The media quite literally, bombards us with a multitude on various diet plans, diet systems, and prepackaged diet meals. The multi-billion dollar diet industry is struggling to promote their latest "discovery" weight loss plan. Most everyone, including healthcare professionals have the diet plan they like to recommend.
All diet plans seem to have their advantages as well as disadvantages. So, which diet plan should you choose?
According to researchers Sherry Pagoto, PhD, of the University of Massachusetts Medical School in Worcester, and Bradley Appelhans, PhD, of Rush University Medical Center in Chicago the debate of an ideal diet is not helpful when comes to patients losing weight. Instead, doctors should concentrate of helping people select a diet plan that works for them and most importantly, one they will stick with. If people cannot stick to a diet long-term, they will regain any weight lost and have start over. As Dr. Pagoto states when it comes to weight loss "The longer someone sticks to a diet, the more successful they will be".

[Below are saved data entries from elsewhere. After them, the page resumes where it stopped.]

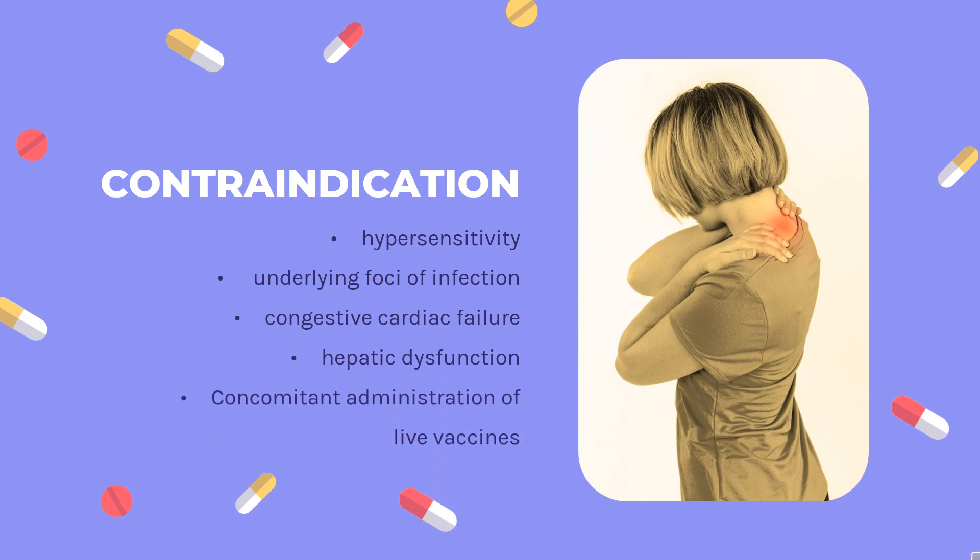Contraindications: Clinicians must avoid adalimumab in cases of hypersensitivity, patients with underlying foci of infection, congestive cardiac failure, or hepatic dysfunction. Concomitant administration of live vaccines is also contraindicated.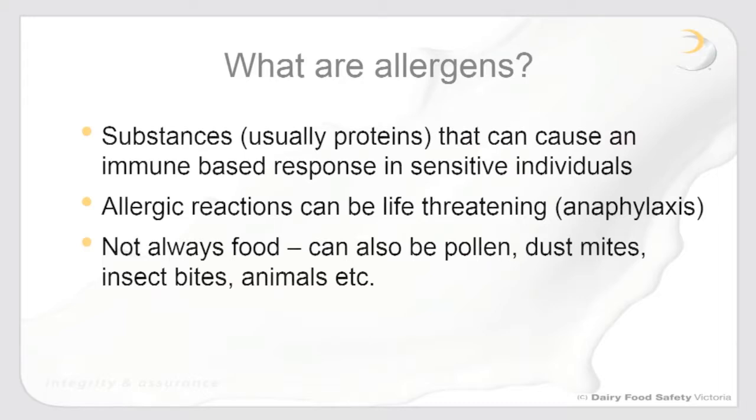So what are allergens? Allergens are usually proteins — not always — that can cause an immune response in sensitive individuals. We need to emphasize the difference between an allergy and an intolerance. Allergic reactions are based on an immunological response, unlike an intolerance, which may be just a sensitivity. Allergic reactions are much more severe and can result in anaphylaxis — a swelling of the airways — causing difficulty breathing and ultimately cardiovascular symptoms. Allergies can be fatal, so it's a serious food safety hazard and as manufacturers it's something we really need to take seriously.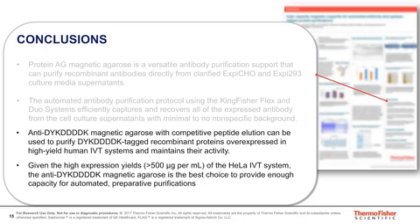To conclude this second portion of the poster, anti-DYK-D4K magnetic agarose with competitive peptide elution can be used to purify these tagged recombinant proteins overexpressed in a high-yield IVT system and maintain their activity. Given the high expression yields of typically greater than 500 micrograms per ml for the HeLa IVT system, the anti-DYK-D4K magnetic agarose is the best choice to provide enough capacity for automated preparative purification. That concludes the presentation, and I'd like to thank you for your attention. I'll be happy to answer any questions.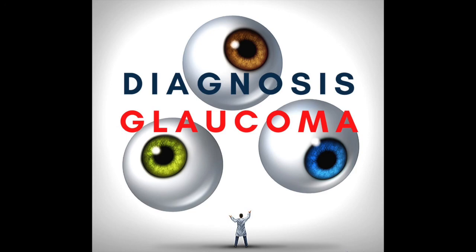Dear listeners, we have an addendum regarding the Hydrus and iStent implants mentioned in this episode. At the time we recorded, we stated these devices are safe with regards to MRI testing. However, since recording, we've learned there is now a 7 Tesla MRI system, and patients with an iStent or Hydrus may potentially be at risk. If you have one of these implants, get a card from your doctor with information about the implant, and show it to the MRI technician to make sure you are safe to undergo MRI testing.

What is the best diet plan for you?
1. Be aware of the propaganda.
To sell their products the diet industry uses propaganda lines such as celebrity endorsements, doctor "approved”, and diet of the "stars" Appeals to authority or at least perceived authority are a standard in manipulating public opinion.
How this works demonstrated by bacon. I am sure most have seen the TV commercial were the smell of bacon is so alluring that a woman uses a bacon cheeseburger to attract men in a singles bar. At one time bacon was not that popular an item until advertising man Edward Bernays stepped in. To promote bacon sales, first he surveyed physicians that recommended a hearty breakfast was necessary for health. Taking that report and adding the propaganda that "bacon and eggs" was a hearty breakfast he sent it to over 5000 physicians and magically bacon is a standard breakfast item. Do not be swayed by the appeals to "third-party" endorsements.
2. Is it within your budget?
If the diet plan requires purchasing foods or supplements that will be a strain on your finances, long-term it may not work for you.
3. Will the diet plan take too much preparation time?
If the diet plan requires a lot of shopping for items and time in preparing food consider whether your schedule will allow for it. You may start on all gung-ho, but if you feel the pressured, you may lose sight of your goal.
4. Consider the food choices.
A vegan diet a good way for some to lose weight, however if you are a dyed-in-the-wool meat-eater perhaps not a good choice. Conversely, the low carb diet which is a high fat, high protein diet also requires eating a lot of low carb vegetables such as broccoli, so if you are like George H. Bush not a long-term diet for you. Numerous diet plans have different effects on satiety and therefore dissimilar success rates. Bottom-line, if you do not like the food choices you will not stick to the diet plan, this does not mean however, the "cheesecake and ice cream diet" will work.
5. Your health issues that need consideration.
For example if you are diabetic then a high carbohydrate, low-fat diet is not for you. Contrary to popular belief, if your cholesterol is high, you should consider a low carb diet as most lower their total cholesterol; improve their HDL and lower triglycerides on a low carb plan.
6. Others in the household who are not dieting will require extra planning.
If there are, others in your life will preparing separate meals be an issue. Will the hassle cooking different menus and the frustration could cause you to abandon your diet plan.
Whichever, diet plan you chose be sure to select one that you can stick to long-term and consider the maintenance phase after you have lost the amount of weight desired. You do not want to buy more "big clothes" again.